AstRate%: Attempts to estimate the number of assists a player has on teammates made field goals when he is on the floor. The formula is basically AST / (((MinutesPlayed / (Team MP / 5)) * Team FGM) - FGM).
TORate%: Attempts to estimate the number of turnovers a player commits in their individual possessions. The formula is simple: TO / IndPoss
Floor%: Via sports-reference.com/cbb: Floor % answers the question, “When a Player uses a possession, what is the probability that his team scores at least 1 point?”. The higher the Floor%, the more frequently the team probably scores when the given player is involved.

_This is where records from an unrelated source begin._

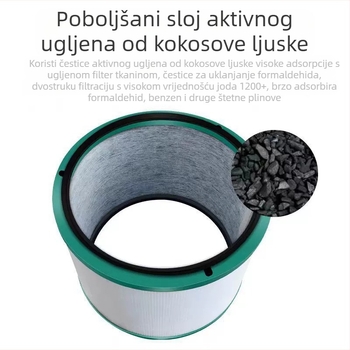 Pogodno za Dyson HP00 HP01 HP02 HP03 DP01 DP02 Proizvođač filtera za pročišćivače zraka, visoka učinkovitost
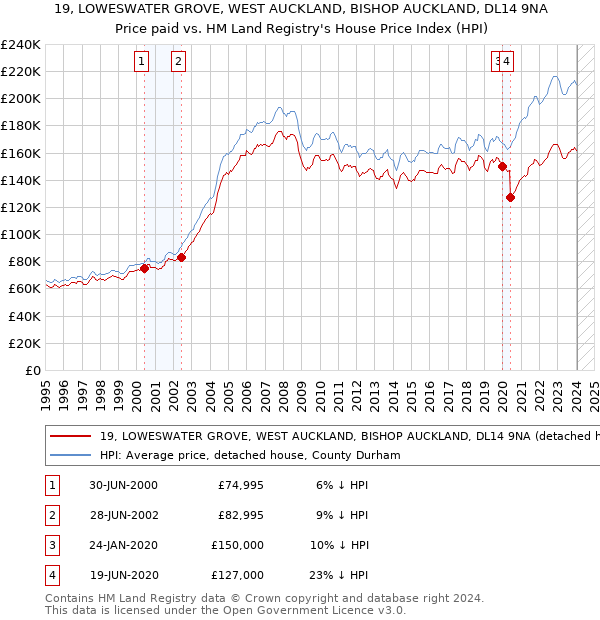 19, LOWESWATER GROVE, WEST AUCKLAND, BISHOP AUCKLAND, DL14 9NA: Price paid vs HM Land Registry's House Price Index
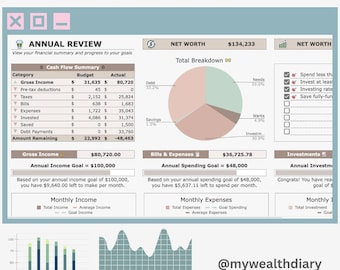 Wealth Dashboard Kit (Annual + Multi-Year Bundle) - Google Sheets
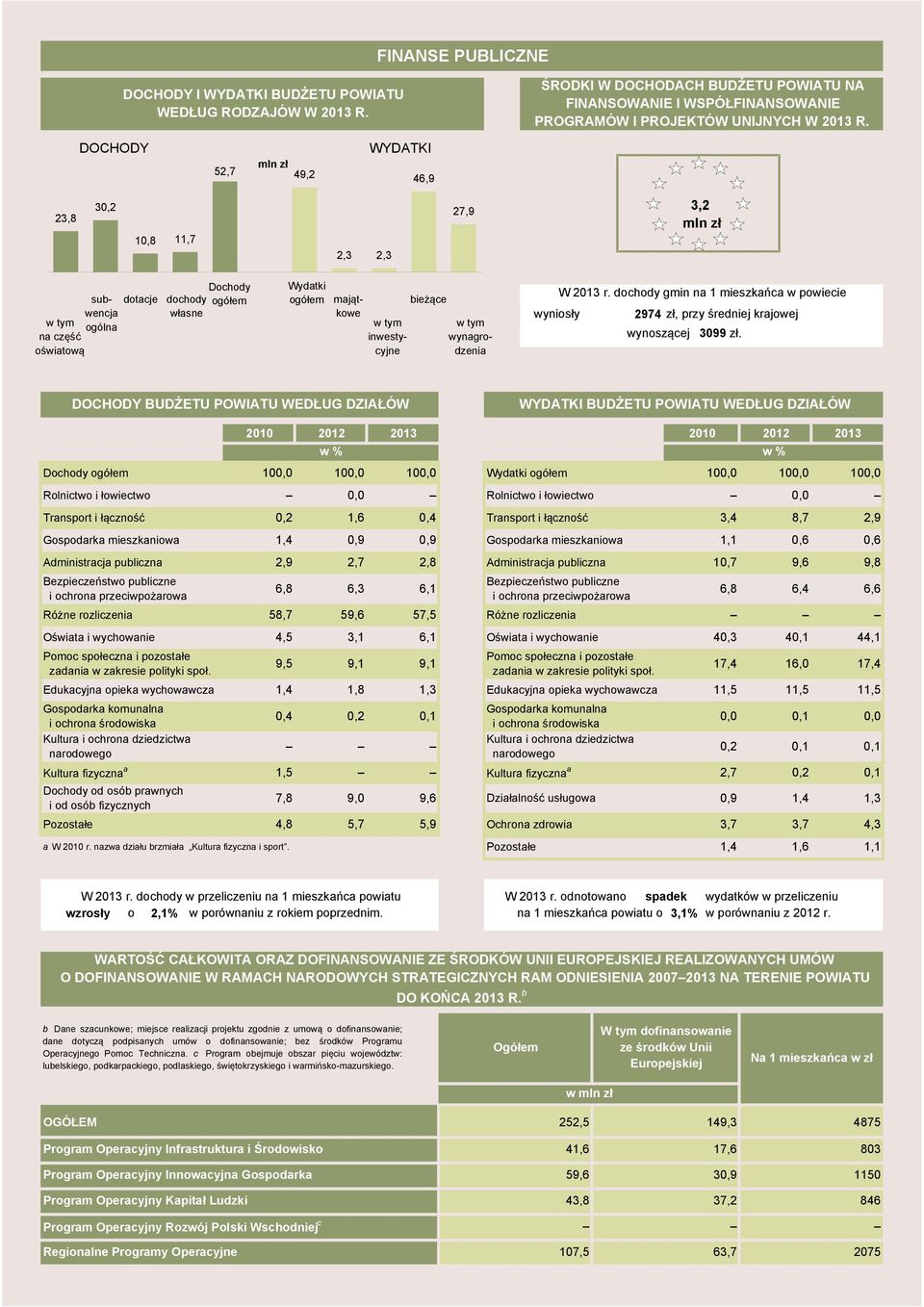 3,8 3, 1,8 11,7,3,3 7,9 3, mln zł subwencj ogóln n część oświtową dotcje dochody włsne mjątkowe inwestycyjne bieżące wyngrodzeni W 13 r.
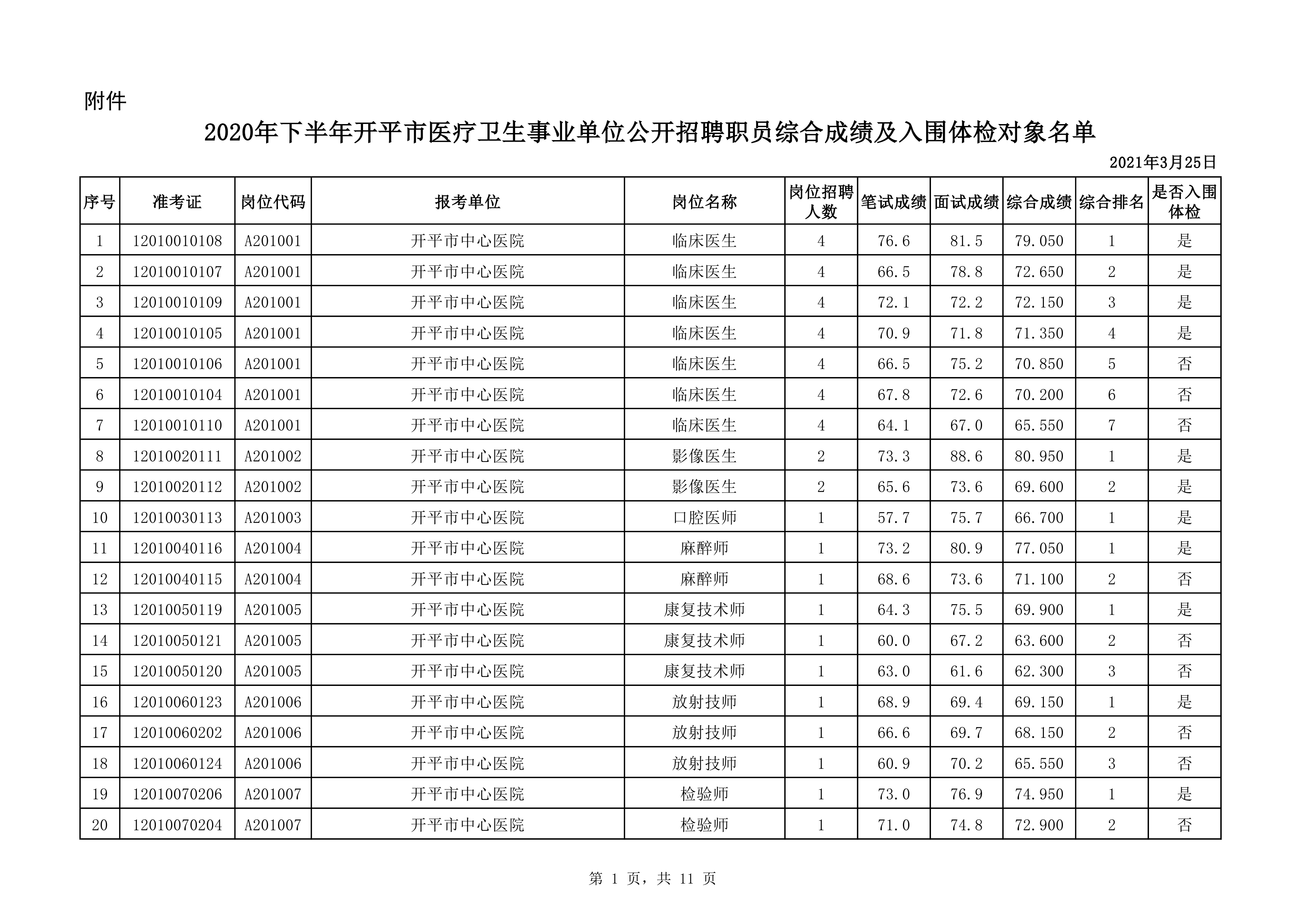 附件：2020年下半年開(kāi)平市醫(yī)療衛(wèi)生事業(yè)單位公開(kāi)招聘職員綜合成績(jī)及入圍體檢對(duì)象名單（3.25）0000.jpg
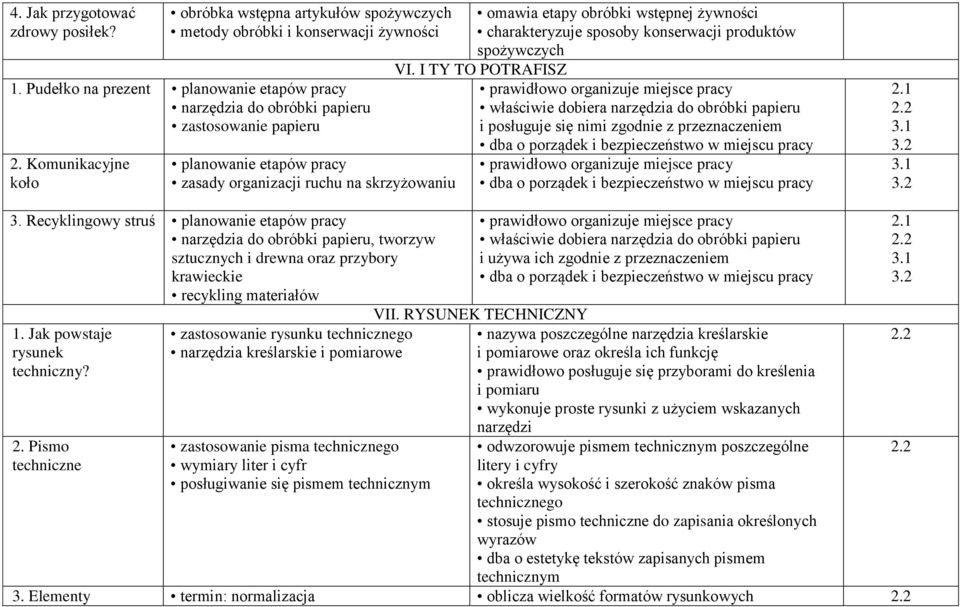 Komunikacyjne koło planowanie etapów pracy zasady organizacji ruchu na skrzyżowaniu omawia etapy obróbki wstępnej żywności charakteryzuje sposoby konserwacji produktów spożywczych VI.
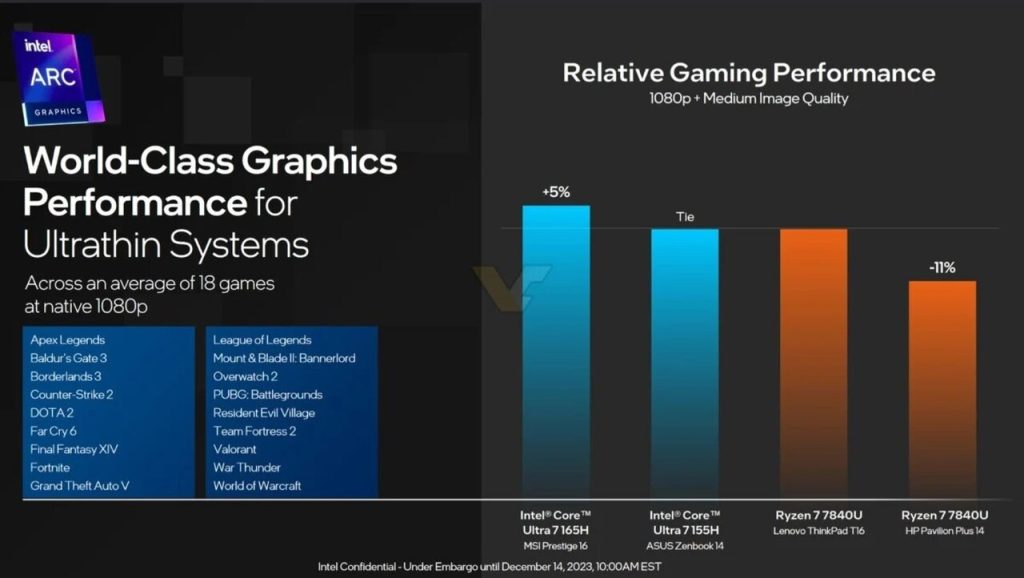 Comparação Intel Core Ultra contra CPUs Ryzen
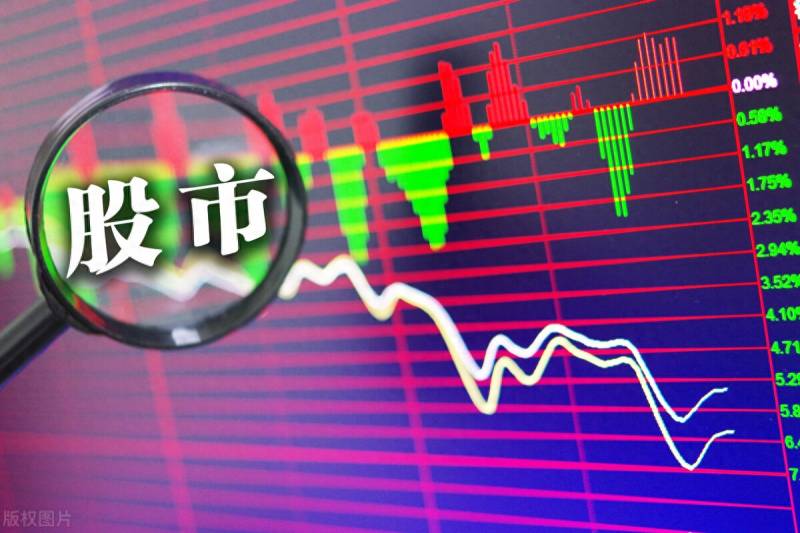 回落什么意思？盘中突然拉升慢慢回落预示什么情况？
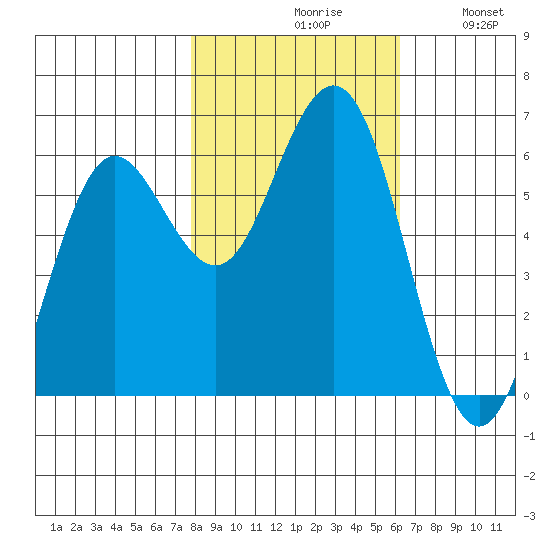 Bandon tide chart for Saturday, October 29, 2022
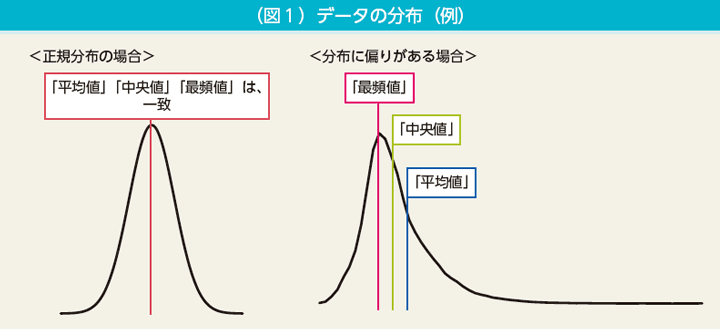 コラム1　（図1）データの分布（例）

Touches/Possession : Using field goal attempts, free throw attempts, assists and turnovers, touches attempt to estimate, “the number of times a player touched the ball in an attacking position on the floor.” Take the estimated touches and divide it by the estimated number of possessions for which a player was on the court, and you get a rough idea of how many times a player touched the ball in a given possession. For point guards, you’ll see the number in the 3-4 range. For shooting guards and wings, 2-3. For an offensively limited center, 1.30. You get the idea. Anyway, using the Touches figure, we can estimate the percentage of time a player “in an attacking position” passes, shoots, turns the ball over, or gets fouled.
In attempting to update Study Hall, I’m moving away from Touches/Possession and moving into the Rates a little more. This is a little experimental so if there’s something you’d like to see let me know and I’ll see if there’s an easy visual way to present it.